The secret of steel price hikes 

I had been reading with interest in the Indian press about rising domestic steel prices. This was interesting because recent cuts in import duties (5%) clearly weren't helping cool the price of steel. So, I was wondering what was causing international steel prices to rise so fast. Indrajit Basu has a one-word answer -- China. Apparently, the attempt to overhaul infrastructure in time for the Beijing Games, was causing the Middle Kingdom to consume so much steel so as to become the largest ever buyer of steel in history.

Indeed, driven by an economy that is reportedly growing at over 8 percent, combined with the colossal facility and infrastructure development in preparation for the 2008 Olympic Games in Beijing, China has emerged as the largest steel consumer, accounting for one quarter of the world's total steel usage which in turn has resulted in the global demand for steel vaulting to record highs. Global prices for finished steel - hot rolled coils - has almost doubled to a peak of $580 per ton in the past nine months.

In India, too, the rise of steel prices has been equally spectacular. Industry sources say that steel prices rose 12 times in the past year, but the rise has been particularly sharp since August last year. Prices of hot rolled coils, the key ingredient for downstream steel products, shot up from $400 per ton in August 2003 to $511 per ton in the beginning of February. And in one of the highest one-time price hikes in recent years, domestic steel manufacturers increased the price of hot rolled coil by up to $90 per ton last week, to take it to the all time high of $600, effective from March.

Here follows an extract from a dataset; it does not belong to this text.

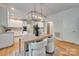 Elegant dining area with a modern light fixture, and neutral color palette at 6804 Riesman Ln, Charlotte, NC 28210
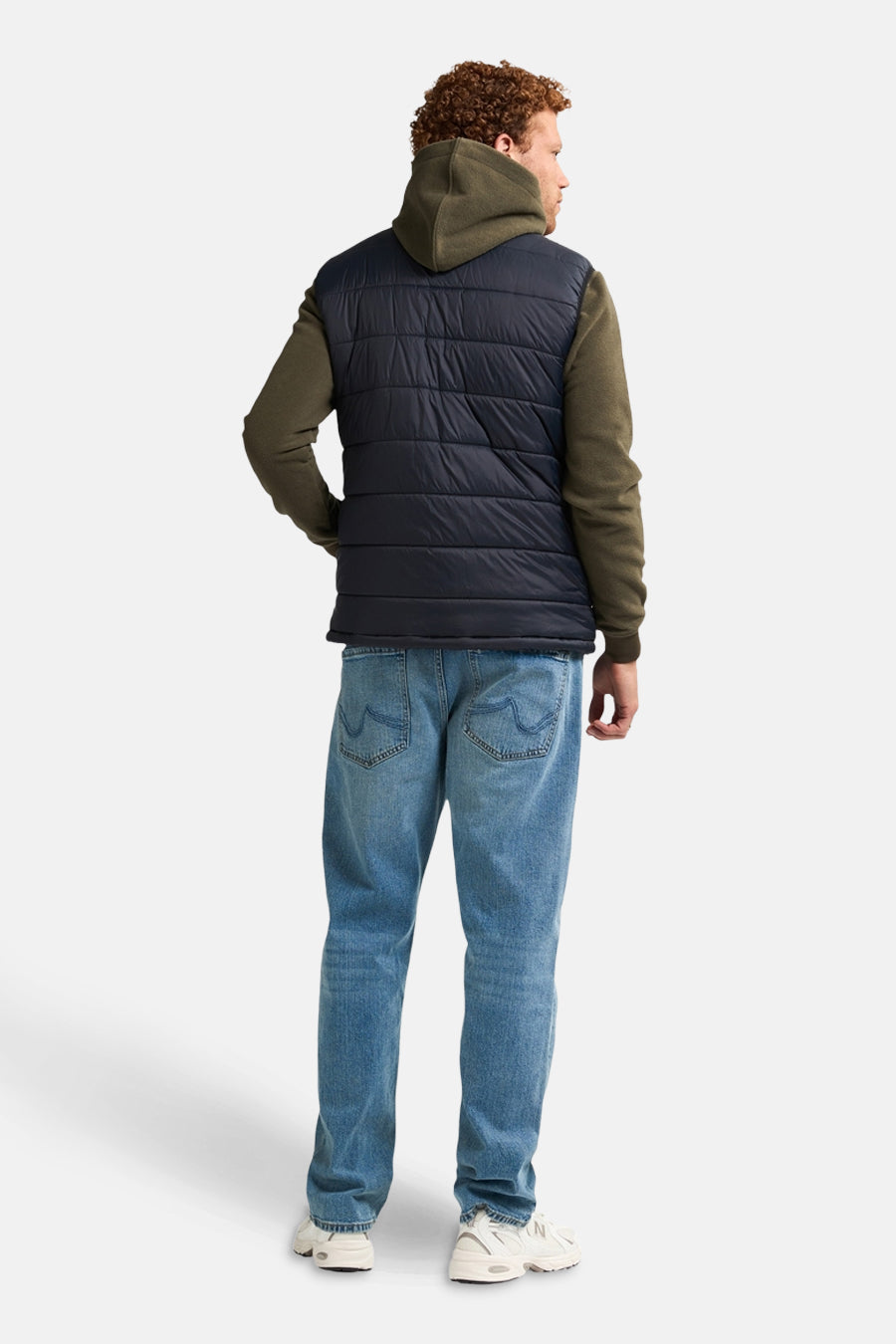 Zwart mouwloos jack van Petrol Industries®, gedragen over een hoodie en een casual spijkerbroek.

That's a 17 percent rise in less than a month.

Small wonder then that the impact of China's huge appetite for steel on the India's steel industry has perhaps been greater than any other steel industry elsewhere in the world. But there's yet another reason why China's hunger for steel has rattled the country: despite the fact that at almost 255 million tons per year, China's steel consumption is almost eight times than that of India's, the country has had the highest rate of increase in market share of Chinese steel imports in 2003. In other words, India's steel exports have increased multifold over the past few years, thanks solely to Chinese demand, which is also flushing out some of the steel meant for the domestic market.

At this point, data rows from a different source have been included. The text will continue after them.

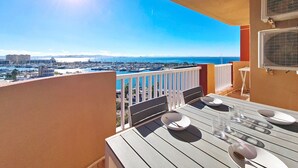 A balcony with a table set for dining, overlooking a marina and cityscape. - 6th floor apartment ideal for families, free wifi, balcony, sea views (La Manga del Mar Menor)
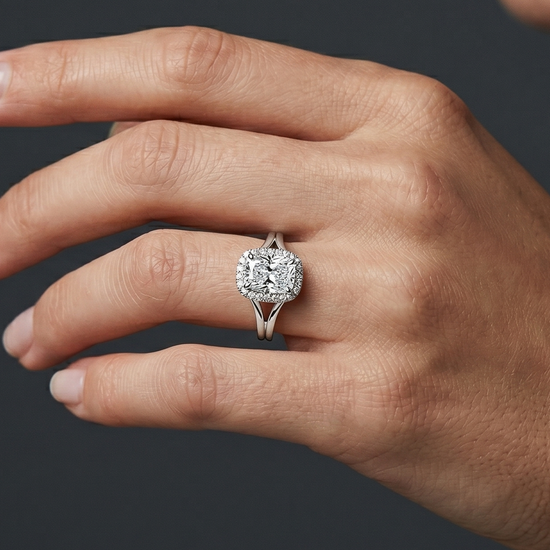 A close-up of a woman's hand wearing a sparkling elongated cushion-cut diamond ring with a split-shank setting against a dark gray background.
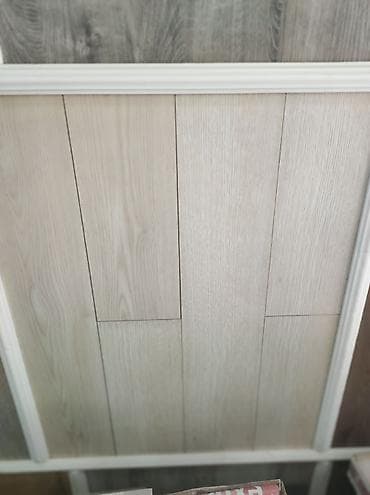 Açıq ağac naxışlı döşəmə laminatı - Rəng/tona: açıq bej–ağ palıd at lalafo.az Açıq ağac naxışlı döşəmə laminatı - Rəng/tona: açıq bej–ağ palıd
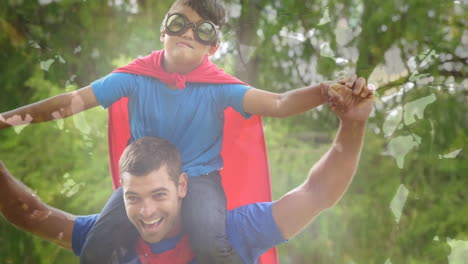 animation of foliage over happy caucasian father and son having fun dressed like superheroes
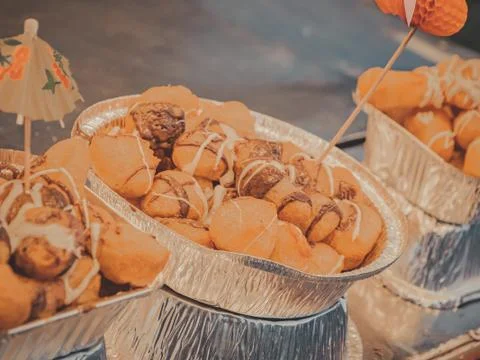 Small tiny donuts covered by chocolate at party Stock Photos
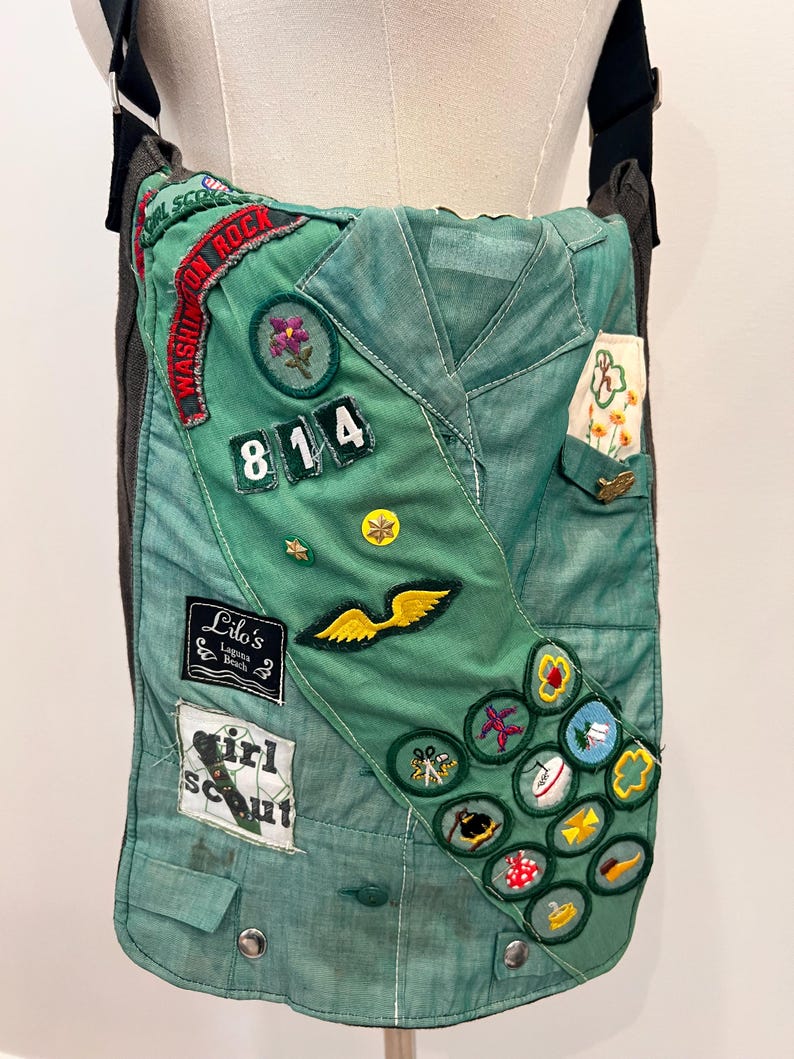 Puede incluir: Un bolso de hombro verde hecho de un uniforme de Girl Scout. El bolso presenta varios parches bordados, incluyendo insignias, un n&uacute;mero de unidad y una etiqueta con el nombre. Tiene una correa negra y un respaldo gris.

India's gain from growth in the Chinese steel market has been so lucrative that presently, reckon industry sources, about half of India's 5.5 million tons of annual steel exports go to China. This had caused the trade balance to swing in India's favor for the first time in 2003. Chinese demand today accounts for a major part of the country's largest steel makers' exports: 29 percent of Tata Steel's exports, 35 percent of SAIL's and 35 percent of Essar Steel's.